L’idée de tenir à l’Université McGill un colloque consacré à « Madeleine Parent, ses luttes et ses engagements » était excellente. Tout aussi louable la décision de regrouper en bouquin les textes présentés dans ce cadre. Encore aurait-il fallu, pour que la haute figure de Madeleine Parent reçoive son dû et devienne intelligible aux jeunes générations, qu’un texte fiable et substantiel lie ensemble les contributions et comble les lacunes que laissent forcément des témoignages sectoriels. Ce n’est pas que les témoignages de Françoise David, de Rick Salutin et de Monique Simard ou que les retours en arrière de John Lang, de Lynn McDonald et de Lynn Kaye manquent de pertinence ou de chaleur ; c’est qu’ils n’éclairent que par touches successives et éparses cette immense carrière sans en révéler les secrets.
Les mystères inexplorés ne manquaient pourtant pas.
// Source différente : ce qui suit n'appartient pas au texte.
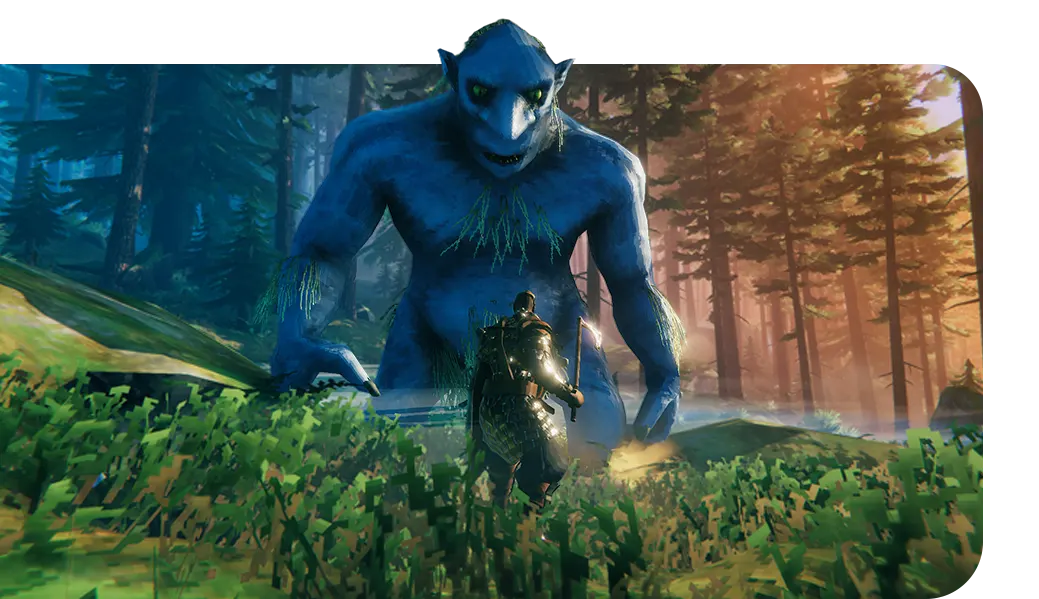 Valheim gameplay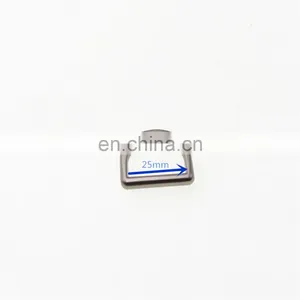 Factory Manufacture Bag Accessories Zinc Belt Buckle Metal D Ring For Handbag Dog Collars thumbnail-2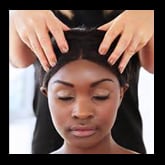 indian head scalp massage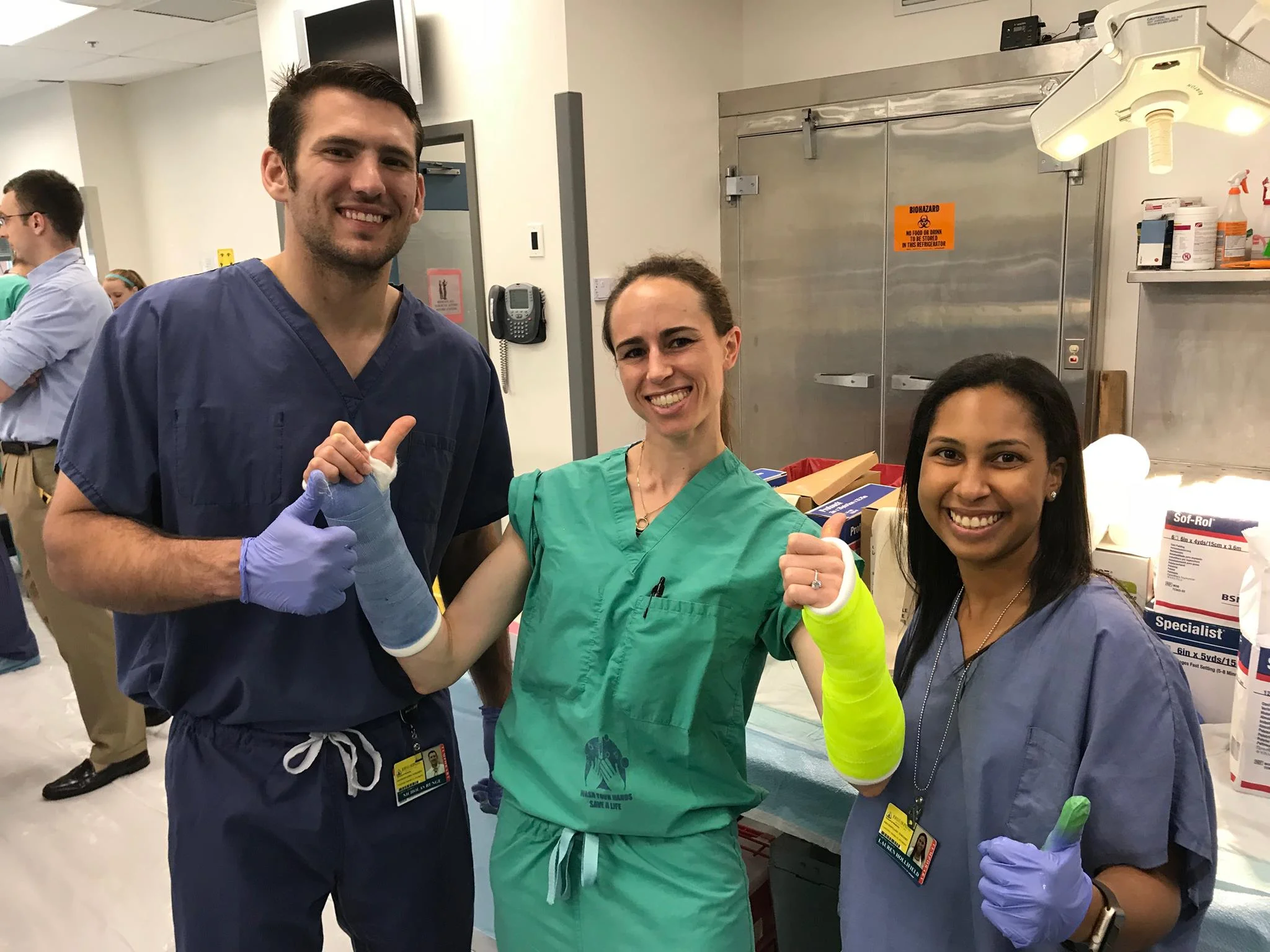 Lauren Hollifield Medical School/Undergrad Institution: UNLV School of Medicine Preceptor: Dr. Dawn Laporte and Dr. Julius Oni Summer Location: Johns Hopkins Hospital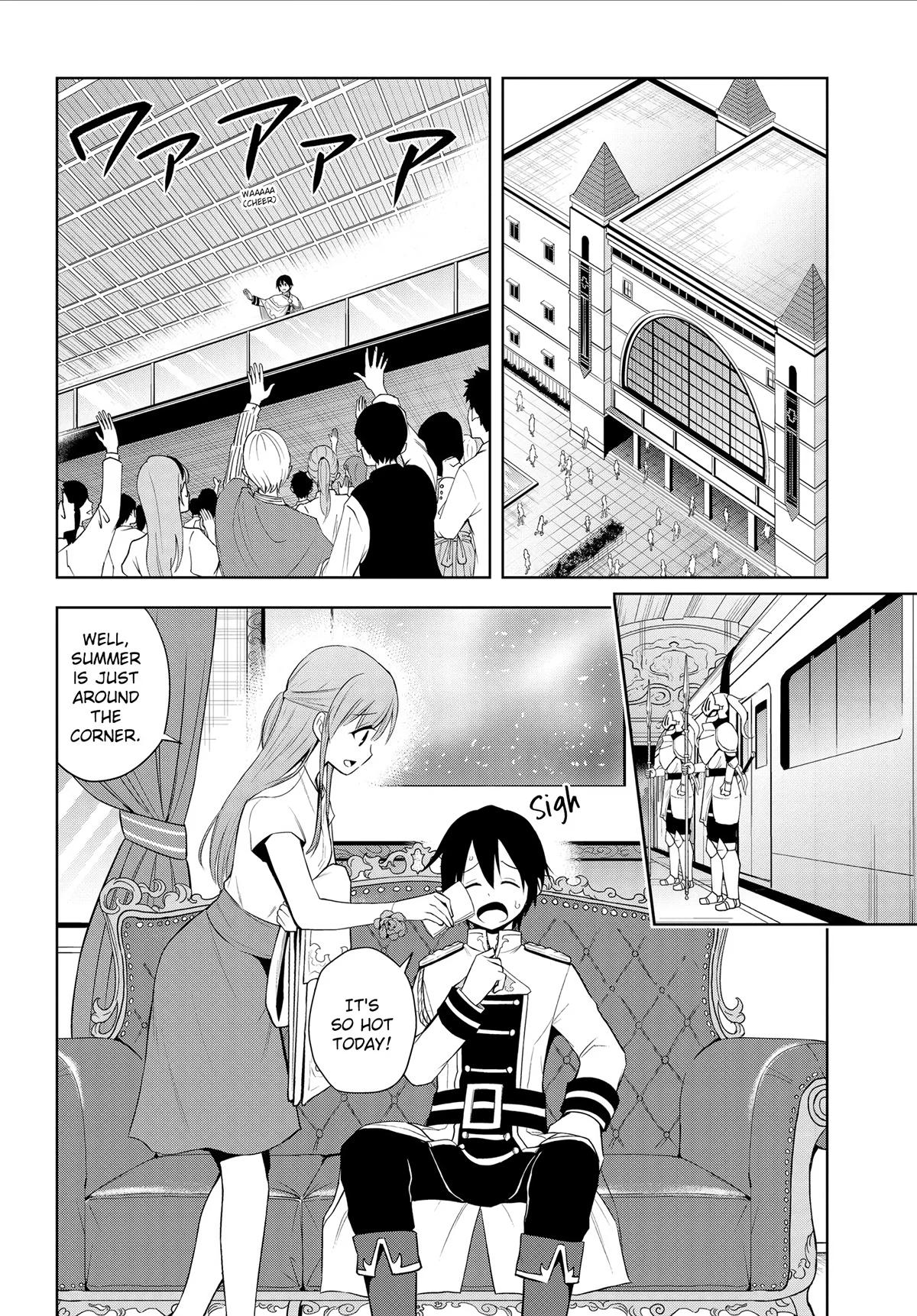 Magic Stone Gourmet Chapter 38 2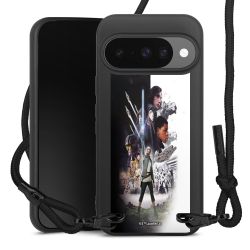 Carry Case Black Line Fabric black/matt black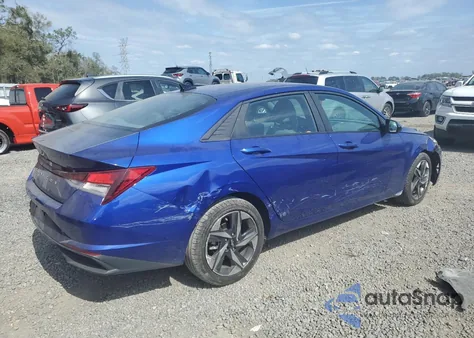 2023 Hyundai Elantra Sel from USA, damaged, VIN KMHLS4AG3PU617109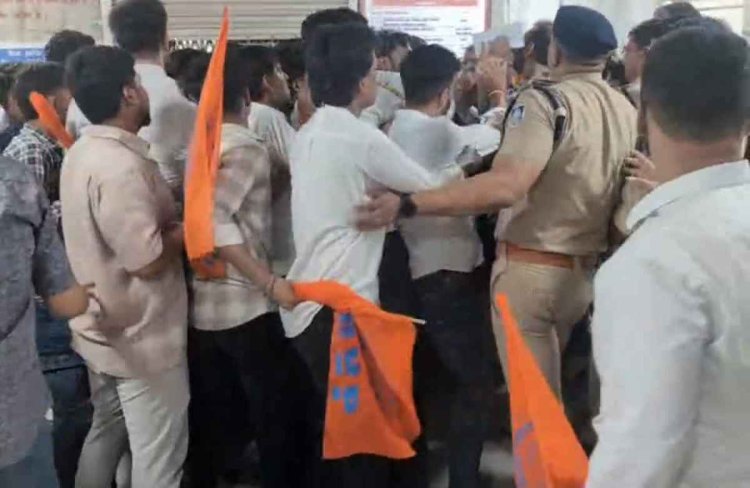 लोक शिक्षण संचालनालय में घुसकर गुंडागर्दी, पुलिस बनी रही तमाशबीन, 21 अगस्त से आंदोलन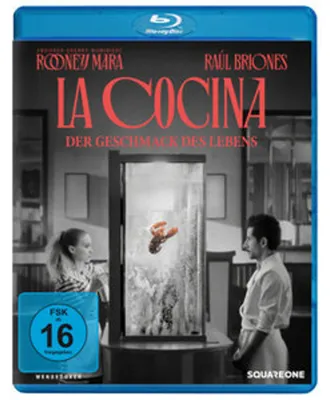 Produktbild von La Cocina - Der Geschmack des Lebens (Blu-ray)
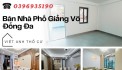 Bán nhà Giảng Võ Đống Đa_Nhà Đẹp Ba Thoáng_Sân Để Xe Riêng_50mx4T_Giá: 8.7 Tỷ_Lh: 0396935190.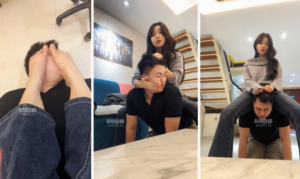 【懒洋洋S】下班回家惩罚上司狗-97LZTD-35332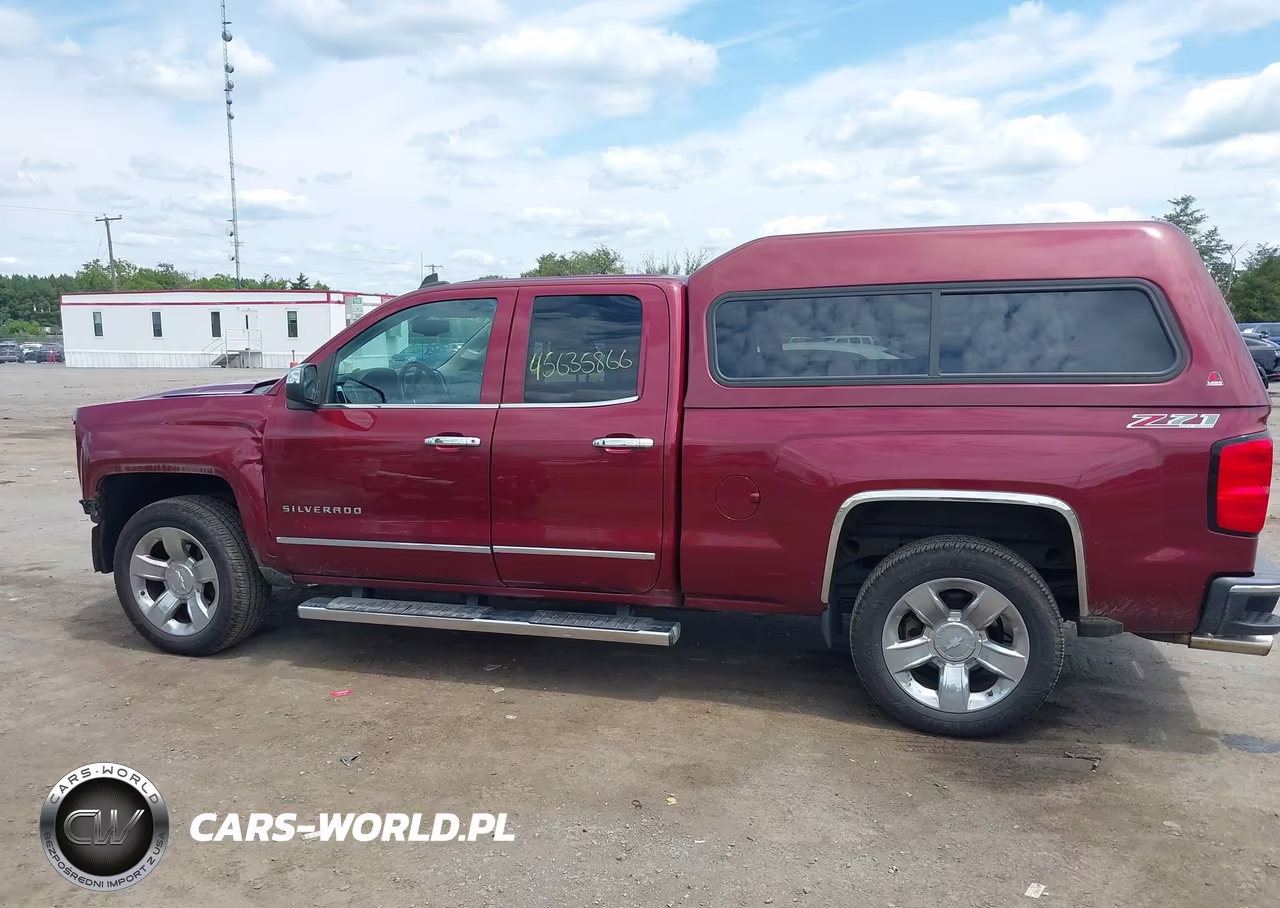 2015 Chevrolet Silverado 1500 Ltz VIN:1GCVKSEC0FZ161533 - 14
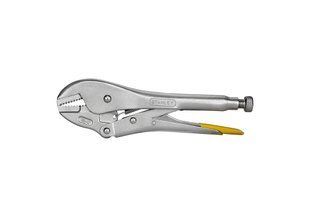 Захват регулируемый с фиксатором и прямыми губками STANLEY 0-84-811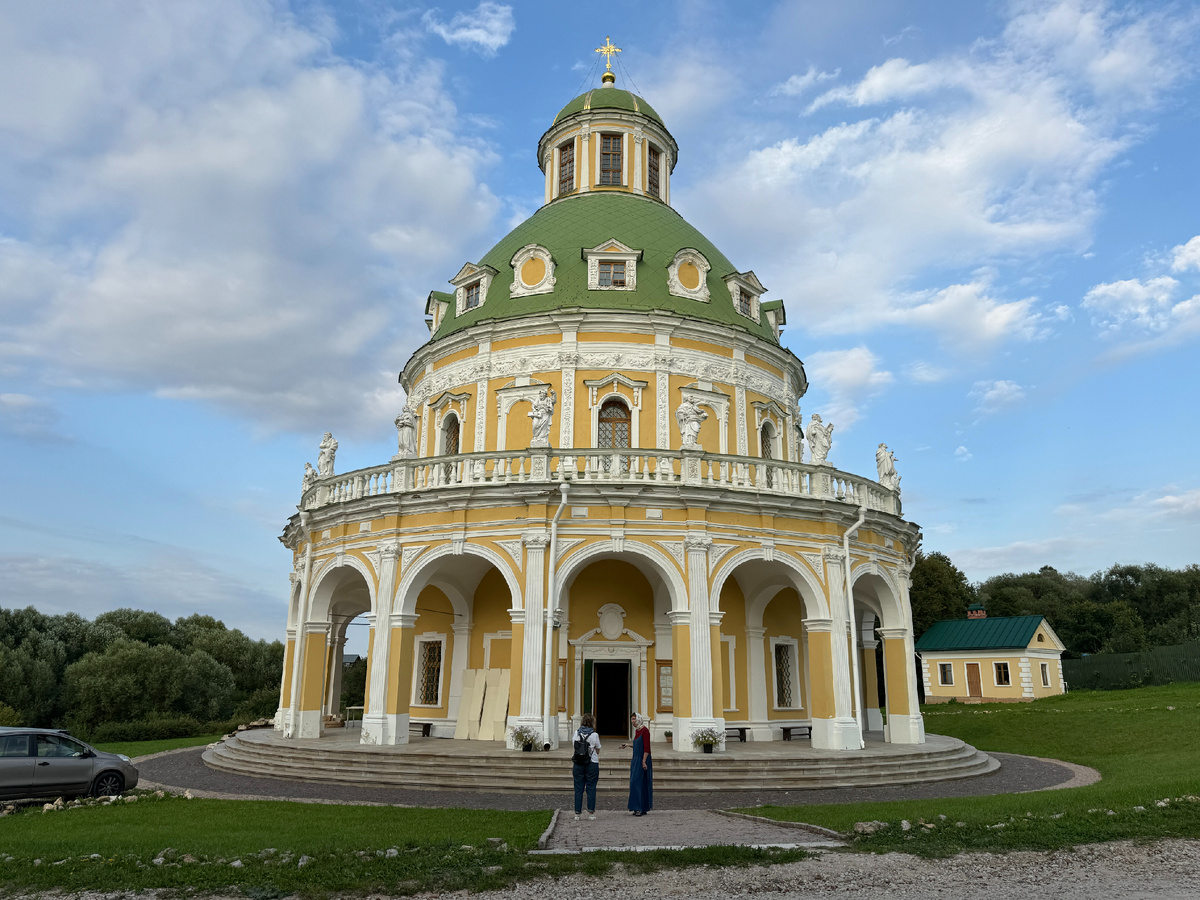 Храм Рождества Богородицы в Подмоклово. Фото автора

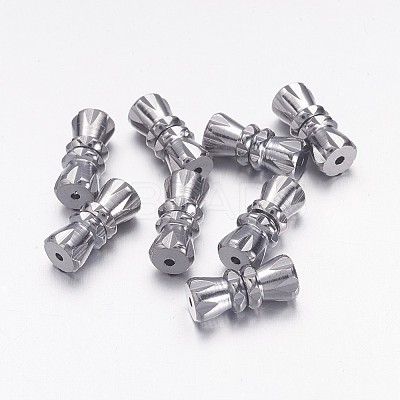 Brass Screw Clasps X-KK88-1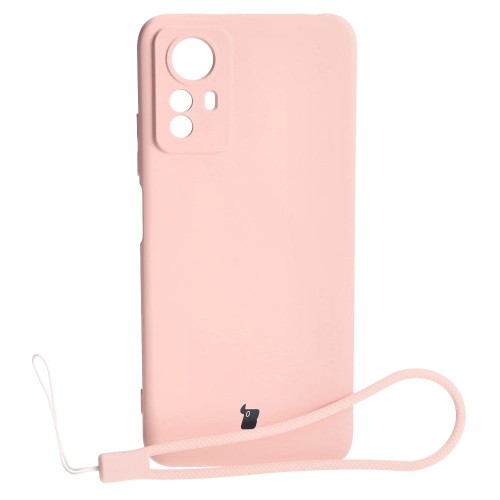 Image of Etui Bizon Case Silicone do Xiaomi Redmi Note 12S, jasnoróżowe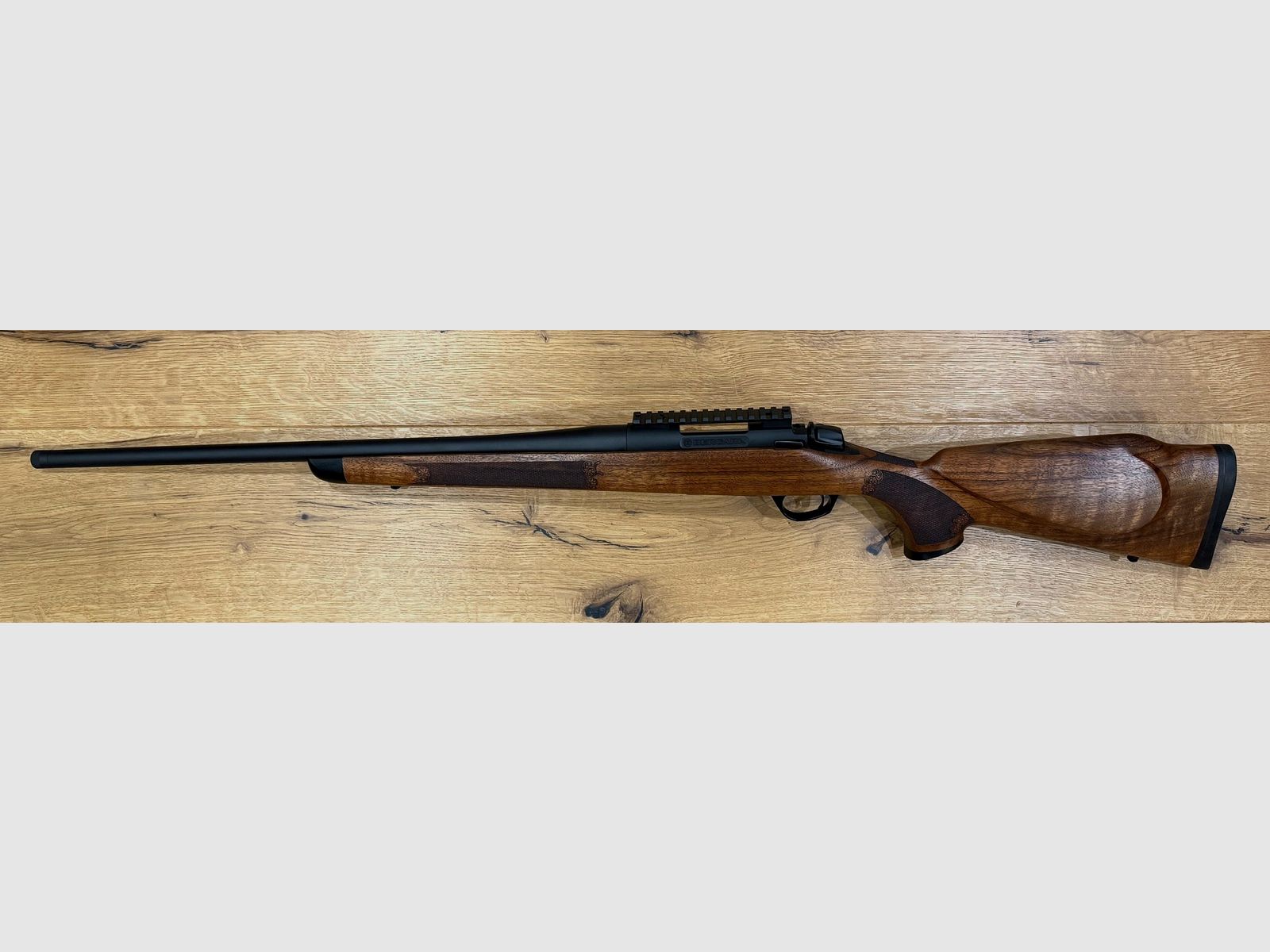 Bergara B14 Sporter 22" with timber stock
Un témoignage signale, par exemple, que Madeleine Parent « vit en Ontario depuis 1967 », tandis qu’un autre, tout aussi laconique, affirme ceci : « Elle était à l’époque un peu oubliée au Québec, qu’elle avait quitté, malgré elle, une douzaine d’années auparavant ». De la même manière, il aurait été plus qu’utile, puisqu’on prête à Madeleine Parent une véritable ferveur pour un syndicalisme canadianisé, de préciser ce qu’était pour elle le nationalisme. Le sien est, de toute évidence, plus canadien que québécois, mais mieux aurait valu en préciser le contenu. Peut-être aurait-on alors compris pourquoi, par-delà la légitime antipathie éprouvée au départ pour le Québec clérical et duplessiste, Madeleine Parent a quelque peu tardé à se réconcilier avec les revendications québécoises.
Advenant une nouvelle édition, peut-être pourrait-on aussi harmoniser l’affirmation qui, en quatrième de couverture, fait naître Madeleine Parent en 1919 et celle qui, en page 10, la fait naître « quelques mois avant l’armistice de novembre 1918 ». Hommage nécessaire, mais insuffisant.